▶ **PROBLEM DETAILS**:
The answer is a stretch of the material below, returned exactly: the line containing "A giant, gentle", the line containing "Alt view image", and all lines between.

▶ **SUPPLIED MATERIAL**:
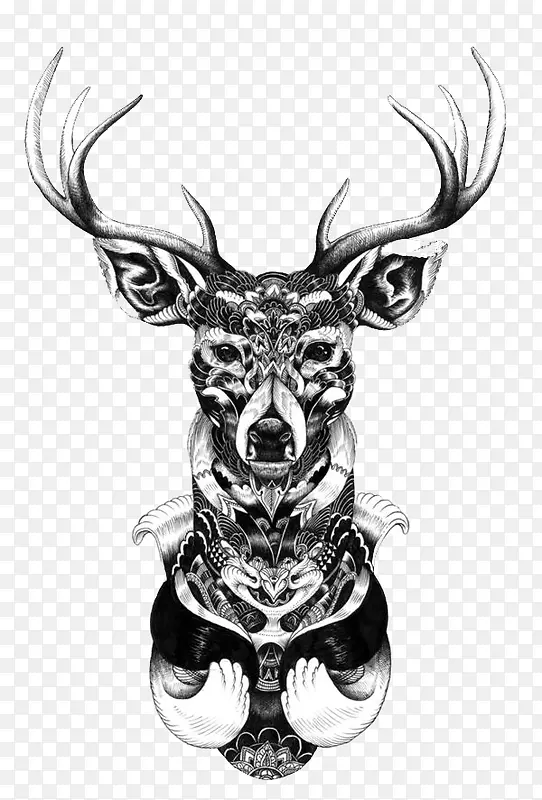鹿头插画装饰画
...
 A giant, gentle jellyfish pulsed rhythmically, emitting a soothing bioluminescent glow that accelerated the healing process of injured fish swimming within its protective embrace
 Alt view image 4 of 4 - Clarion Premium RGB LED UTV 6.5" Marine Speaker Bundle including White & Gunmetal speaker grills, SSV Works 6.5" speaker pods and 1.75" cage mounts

▶ **WRITTEN ANSWER**:
 A giant, gentle jellyfish pulsed rhythmically, emitting a soothing bioluminescent glow that accelerated the healing process of injured fish swimming within its protective embrace
 Alt view image 4 of 4 - Clarion Premium RGB LED UTV 6.5" Marine Speaker Bundle including White & Gunmetal speaker grills, SSV Works 6.5" speaker pods and 1.75" cage mounts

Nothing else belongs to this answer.